2.4.2. Amazon Route 53
💡 First Principle: Amazon Route 53 provides a highly available and scalable cloud Domain Name System (DNS) web service, translating human-readable domain names into IP addresses for application access.
Amazon Route 53 is a highly available and scalable cloud Domain Name System (DNS) web service. It's how users connect to websites and applications using human-readable names (like example.com) instead of IP addresses.
Key Characteristics of Amazon Route 53:
- Domain Name Registration: You can register new domain names directly through Route 53.
- DNS Service: It routes user requests to internet applications hosted on AWS or on-premises. It translates domain names (e.g.,
www.example.com) into numerical IP addresses (e.g.,192.0.2.1). - Highly Available & Scalable: Designed for extreme reliability and automatic scaling to handle large query volumes.

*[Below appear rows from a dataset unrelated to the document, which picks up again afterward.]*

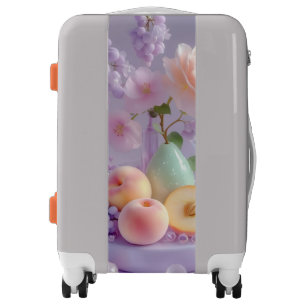 Dreamy Peach & Blossom – Soft Pastel Floral Fruit Luggage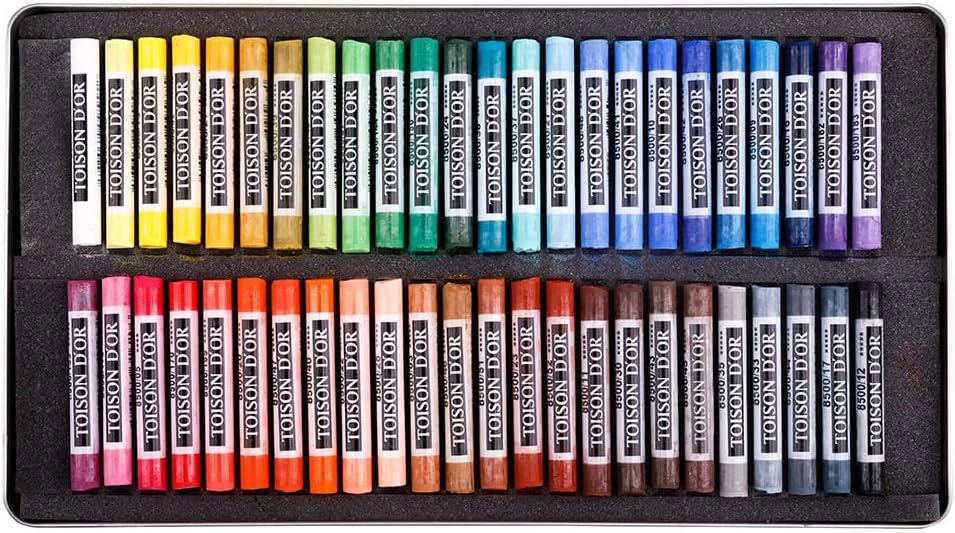 KOH-I-NOOR TOISON D'OR 8516 Weiche Künstler-Pastellkreiden im Metallui (48 Stück)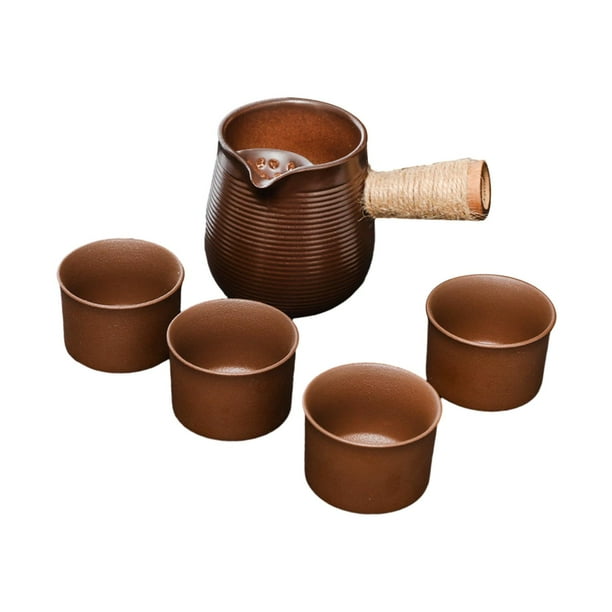 Tetera de cerámica con taza de té, tetera de granja, tetera de porcelana para con 4 tazas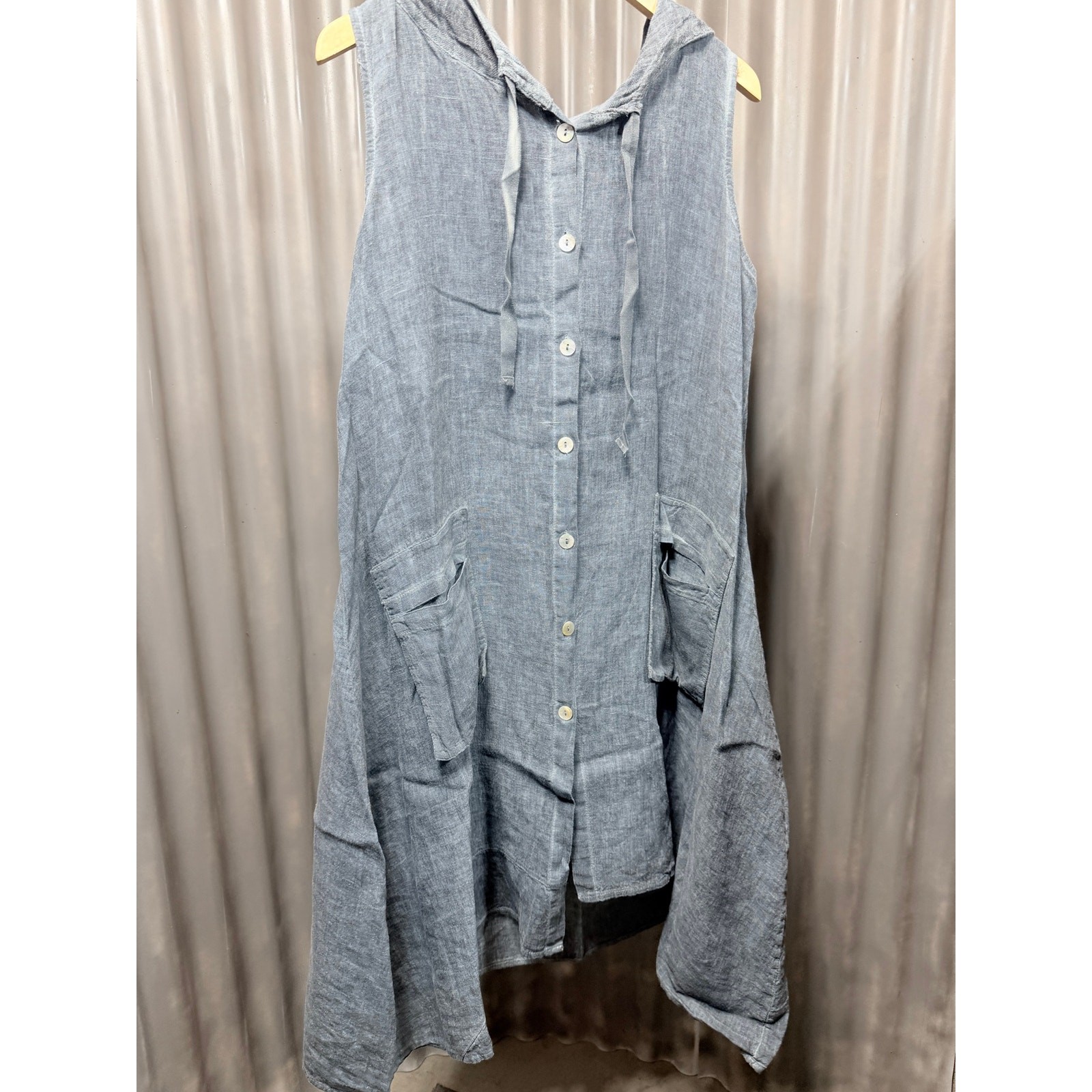 Inizio 100% Natural Linen Dress Medium M Blue Slate Hooded Button Front Maxi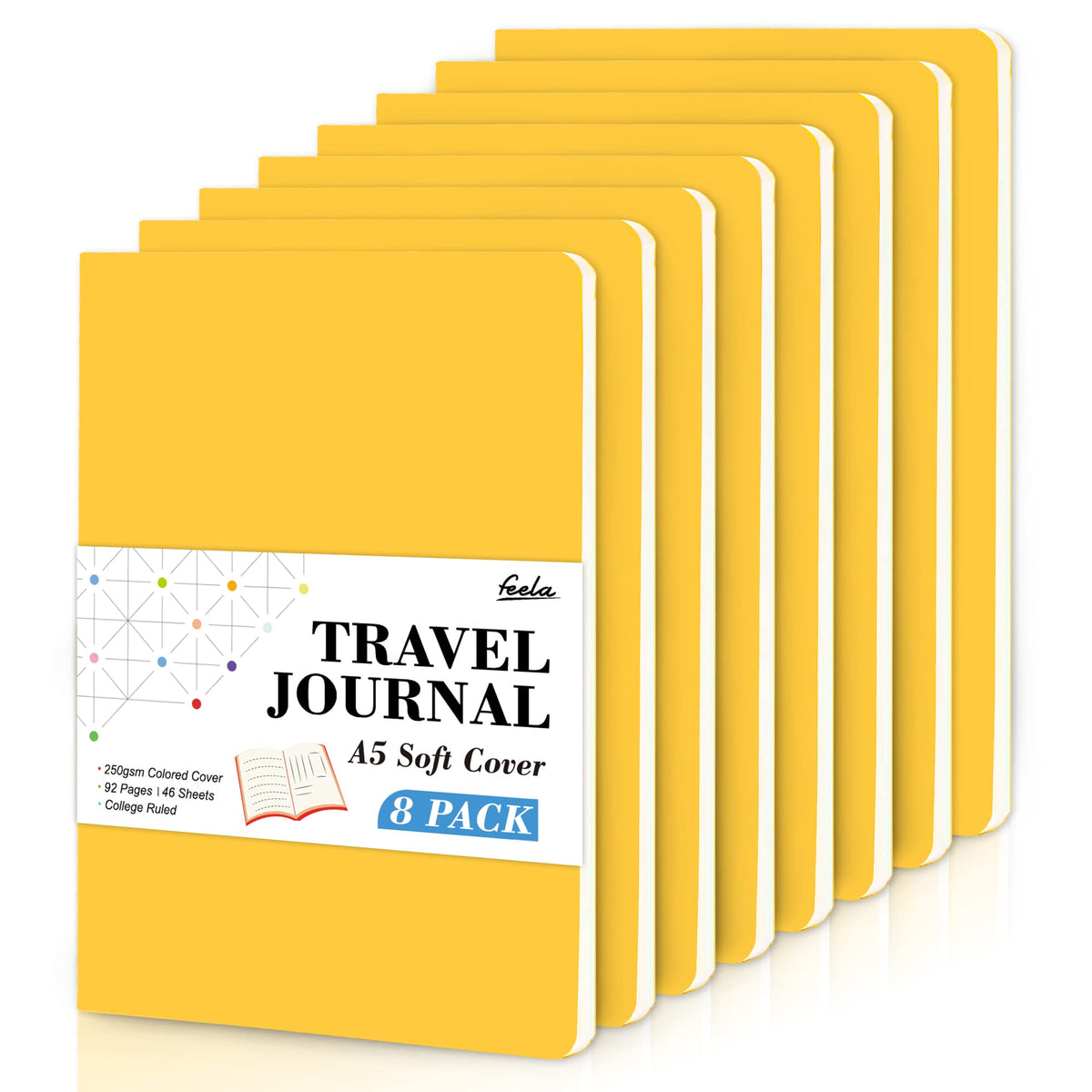 8 Pack Soft Cover Journal Bulk, Feela Notebooks College Ruled for Work, Lined Travel Journal for Women Men, Note Taking Notebook School Supplies Business Writing, 8.2” x 5.5”, A5, Black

- Health Checks: Can perform health checks on your resources and automatically reroute traffic away from unhealthy endpoints (DNS failover).
- Routing Policies: Supports various routing policies to direct traffic, such as:
- Simple Routing: Basic routing to a single resource.
- Weighted Routing: Distribute traffic based on specified weights.
- Latency-based Routing: Routes users to the AWS Region that provides the lowest latency.
- Geolocation Routing: Routes users based on their geographic location.
Scenario: A company launches a new website and needs to connect its custom domain name (e.g., mycompany.com) to its web application hosted on AWS. They also want to ensure that if their primary web server becomes unhealthy, traffic is automatically redirected to a healthy backup.
Reflection Question: How does Amazon Route 53, by providing a highly available and scalable DNS service with health checks and routing policies, fundamentally translate domain names to IP addresses and ensure continuous application access for users?